The protests this summer, vast and angry, is the Brazilian parallel to the 2011 Arab spring. It is a leaderless movement organized through social networks, which is its strength. It may not be able to shape politics, but it can certainly exert pressure. It can mobilize the street.
It began in São Paulo on June 6 with a march of only 500 people protesting against an increase in bus fares. Since then, however, it has grown into a conflagration of discontent. On June 17, 200,000 people protested in Rio de Janeiro, Belém and about 20 other cities, and by June 20 some 1.4 million protesters had taken to the streets in more than 120 cities. Protesters danced on the roof of the congress building in the capital Brasília, creating images that have since been broadcast around the world. They are the tour dates of a popular uprising that newspapers are presenting as proudly as they do the victories of the Seleção. The people are agitated, and the political world is afraid.

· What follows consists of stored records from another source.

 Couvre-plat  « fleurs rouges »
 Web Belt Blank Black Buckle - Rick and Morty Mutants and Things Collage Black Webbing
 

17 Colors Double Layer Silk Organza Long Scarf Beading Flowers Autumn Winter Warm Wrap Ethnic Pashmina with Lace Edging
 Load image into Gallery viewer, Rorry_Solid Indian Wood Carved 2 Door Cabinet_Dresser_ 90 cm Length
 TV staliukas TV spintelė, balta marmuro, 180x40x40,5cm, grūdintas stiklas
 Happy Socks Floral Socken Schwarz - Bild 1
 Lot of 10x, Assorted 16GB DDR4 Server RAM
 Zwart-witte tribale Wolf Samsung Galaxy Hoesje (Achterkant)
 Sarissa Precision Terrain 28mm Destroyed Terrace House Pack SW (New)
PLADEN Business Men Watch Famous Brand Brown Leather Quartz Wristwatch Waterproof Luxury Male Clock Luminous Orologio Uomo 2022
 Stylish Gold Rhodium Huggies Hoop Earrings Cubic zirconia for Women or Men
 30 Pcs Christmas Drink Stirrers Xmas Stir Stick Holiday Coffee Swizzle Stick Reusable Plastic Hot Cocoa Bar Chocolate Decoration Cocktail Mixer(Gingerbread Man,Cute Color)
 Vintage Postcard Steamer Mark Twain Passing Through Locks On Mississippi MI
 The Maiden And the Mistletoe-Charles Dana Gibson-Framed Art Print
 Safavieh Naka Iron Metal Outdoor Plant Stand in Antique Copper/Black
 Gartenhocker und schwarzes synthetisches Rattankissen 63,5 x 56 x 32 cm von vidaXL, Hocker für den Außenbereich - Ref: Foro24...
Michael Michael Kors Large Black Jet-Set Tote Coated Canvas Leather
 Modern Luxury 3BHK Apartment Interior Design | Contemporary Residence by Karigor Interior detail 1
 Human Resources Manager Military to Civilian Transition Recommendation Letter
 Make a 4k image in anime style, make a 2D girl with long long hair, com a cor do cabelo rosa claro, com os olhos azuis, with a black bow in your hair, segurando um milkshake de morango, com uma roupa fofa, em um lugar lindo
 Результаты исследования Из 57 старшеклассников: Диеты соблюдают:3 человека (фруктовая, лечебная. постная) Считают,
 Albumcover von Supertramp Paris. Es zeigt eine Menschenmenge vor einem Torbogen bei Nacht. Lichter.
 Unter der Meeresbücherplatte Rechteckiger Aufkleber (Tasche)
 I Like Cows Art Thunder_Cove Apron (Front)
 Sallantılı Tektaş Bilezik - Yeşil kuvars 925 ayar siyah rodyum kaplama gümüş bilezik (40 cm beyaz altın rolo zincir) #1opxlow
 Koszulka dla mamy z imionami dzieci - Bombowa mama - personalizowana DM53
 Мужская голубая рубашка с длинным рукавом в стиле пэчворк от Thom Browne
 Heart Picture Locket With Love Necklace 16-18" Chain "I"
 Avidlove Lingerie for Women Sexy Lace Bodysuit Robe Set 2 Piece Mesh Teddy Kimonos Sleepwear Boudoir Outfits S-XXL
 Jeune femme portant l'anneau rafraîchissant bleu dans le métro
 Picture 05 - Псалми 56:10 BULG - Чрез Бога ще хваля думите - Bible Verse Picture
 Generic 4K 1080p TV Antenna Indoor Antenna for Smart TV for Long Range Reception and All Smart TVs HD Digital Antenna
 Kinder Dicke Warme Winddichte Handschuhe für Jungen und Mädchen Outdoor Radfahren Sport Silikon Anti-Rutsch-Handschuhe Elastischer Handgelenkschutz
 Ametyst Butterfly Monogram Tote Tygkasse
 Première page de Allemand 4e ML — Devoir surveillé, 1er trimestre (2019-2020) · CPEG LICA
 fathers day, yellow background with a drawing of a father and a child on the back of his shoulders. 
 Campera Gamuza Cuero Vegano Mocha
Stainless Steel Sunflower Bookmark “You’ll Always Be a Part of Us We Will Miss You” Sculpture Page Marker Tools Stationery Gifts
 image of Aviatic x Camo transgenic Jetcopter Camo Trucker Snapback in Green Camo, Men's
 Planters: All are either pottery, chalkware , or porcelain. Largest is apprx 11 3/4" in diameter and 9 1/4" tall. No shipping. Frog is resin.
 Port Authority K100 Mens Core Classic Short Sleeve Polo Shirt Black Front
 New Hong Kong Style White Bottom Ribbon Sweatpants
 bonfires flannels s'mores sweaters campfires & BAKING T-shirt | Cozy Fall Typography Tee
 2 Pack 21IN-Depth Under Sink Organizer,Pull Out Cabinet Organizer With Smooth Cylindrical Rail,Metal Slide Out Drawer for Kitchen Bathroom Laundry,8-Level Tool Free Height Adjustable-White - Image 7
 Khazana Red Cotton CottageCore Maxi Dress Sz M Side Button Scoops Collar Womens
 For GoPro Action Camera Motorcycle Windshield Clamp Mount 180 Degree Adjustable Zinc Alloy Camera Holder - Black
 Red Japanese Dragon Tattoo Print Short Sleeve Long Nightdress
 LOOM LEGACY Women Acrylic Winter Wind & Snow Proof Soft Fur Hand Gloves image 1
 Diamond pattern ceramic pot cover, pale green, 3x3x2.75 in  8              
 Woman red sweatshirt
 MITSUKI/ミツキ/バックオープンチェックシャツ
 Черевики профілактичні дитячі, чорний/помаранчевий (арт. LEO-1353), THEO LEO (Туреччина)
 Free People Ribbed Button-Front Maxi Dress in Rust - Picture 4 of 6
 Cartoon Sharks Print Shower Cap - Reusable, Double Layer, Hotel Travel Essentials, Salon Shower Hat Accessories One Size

President Dilma Rousseff has felt that ire directly; she was booed during the opening of the Confed Cup in mid-June and her approval rating has plunged by 27 percentage points. In a hastily arranged televised address, she promised reforms and held out the prospect of a referendum. The bus fare increases were reversed, as was a scandalous draft law that would have given corrupt lawmakers immunity from prosecution. Some 19 billion ($26 billion) in new funding for public transportation was suddenly approved. And now the first corrupt lawmaker, who had managed to delay his trial by three years, has been arrested. The government has been literally tripping over itself recently in its hurry to answer to the people.
Out of Touch
On the other hand, almost 200 members of the National Congress are under investigation. One lawmaker, who is accused of murder, allegedly dismembered his political rival with a chainsaw. Another moved $10 million earmarked for a road construction project to an overseas bank account. A third politician is thought to have ordered the abduction of three priests who had campaigned on behalf of the landless.
Today the Congress is probably the most despised institution in Brazil. The magazine Veja depicts it perched on the edge of a cliff, with lawmakers who look like rats falling into the abyss while demonstrators force their way into the building from the other side. "Brazil has perhaps never before been under the command of people who were quite as arrogant as Lula, Dilma Rousseff and the barons of the PT," writes Veja, in reference to Rousseff's party, the Partido dos Trabalhadores, or "Workers' Party."
In fact, the PT seems to be completely out of touch with reality. The bloated government bureaucracy, with its 39 ministries, consumes 100 billion a year. Rousseff spends 214 each time she visits the hairdresser. Why, people want to know? Has her hair turned to gold since she became president?
At a posh dinner party in the hills of the Jardim Botânico, constitutional law expert Carlos Bolonha bends over his crystal glass and explains how unfeasible the referendum announced by Rousseff is -- and how it would be tantamount to a top-down coup d'état. Venezuela's former left-wing populist president, Hugo Chavez, often used referendums to solidify his power.
These are hard times for the PT. It is in a glass house and cannot be throwing stones. Although the left, the traditional voice of the people, is in power, this traditional alliance has been shattered and trust gambled away since the Lula administration was involved in a bribery scandal. And trust was always its greatest asset.